Building an AI Agent from Scratch
Most AI agent tutorials start with LangChain. I started with a text file and a loop. Here's what I learned building one from the ground up — tool calling, memory, and all the things that break in production.
Everyone says you need a framework to build AI agents. LangChain, AutoGen, CrewAI — pick your poison. I spent a weekend trying all of them before realizing: I had no idea what was actually happening under the hood.
So I deleted everything and started with the bare minimum: a Python script, the Anthropic API, and a JSON file for memory.
What even is an agent?
Strip away the buzzwords and an AI agent is just this:
- Send a prompt to an LLM
- Parse the response
- Execute a tool if the model asked for one
- Feed the result back
- Repeat until done
That's it.

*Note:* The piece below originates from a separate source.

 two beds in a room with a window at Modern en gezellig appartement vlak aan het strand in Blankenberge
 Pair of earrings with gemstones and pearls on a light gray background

The loop is the agent. Everything else is tooling around that loop.
The minimal implementation
Here's the core loop in about 40 lines:
import anthropic
import json
client = anthropic.Anthropic()
def run_agent(task: str, tools: list, max_steps: int = 10):
messages = [{"role": "user", "content": task}]
for step in range(max_steps):
response = client.messages.create(
model="claude-sonnet-4-6",
max_tokens=4096,
tools=tools,
messages=messages,
)
# Append assistant response
messages.append({"role": "assistant", "content": response.content})
if response.stop_reason == "end_turn":
# Model is done
return response.content[-1].text
if response.stop_reason == "tool_use":
# Execute all tool calls
tool_results = []
for block in response.content:
if block.type == "tool_use":
result = execute_tool(block.name, block.input)
tool_results.append({
"type": "tool_result",
"tool_use_id": block.id,
"content": str(result),
})
messages.append({"role": "user", "content": tool_results})
return "Max steps reached"
That's your agent. No framework. No magic. Just a loop and the API.
Tool calling is the hard part
The loop is easy. The tools are where things get interesting — and where things break.
A tool in the Anthropic API is a JSON schema that tells the model what functions it can call and what parameters they take. When the model wants to use one, it returns a tool_use block instead of finishing. You execute the tool and feed the result back.
Things that will bite you:
- Tool errors need to be returned as results, not raised as exceptions. If your tool throws and you don't catch it, the loop dies. Wrap everything in try/except and return the error as a string.
- Models will sometimes call tools that don't exist. Especially if your system prompt is vague. Add validation.
- The model will loop forever if the task is ambiguous. Set a max_steps and be aggressive about it in dev.
Memory: easier than you think
For a personal agent that runs once a day, "memory" is just a JSON file that gets appended to the system prompt:
def load_memory() -> str:
try:
with open("memory.json") as f:
facts = json.load(f)
return "## What I remember:\n" + "\n".join(f"- {f}" for f in facts)
except FileNotFoundError:
return ""
system = f"""You are a helpful assistant.
{load_memory()}
"""
For anything more complex, you need a vector store. But start here. Ship the simple thing first.
What I learned
The framework is usually hiding something you need to understand anyway.
Building from scratch forced me to actually understand what stop_reason means, why tool_use_id needs to match exactly, and why context window management matters in multi-step tasks.
I eventually went back to using frameworks — but now I know what they're doing, and I know when to reach past them.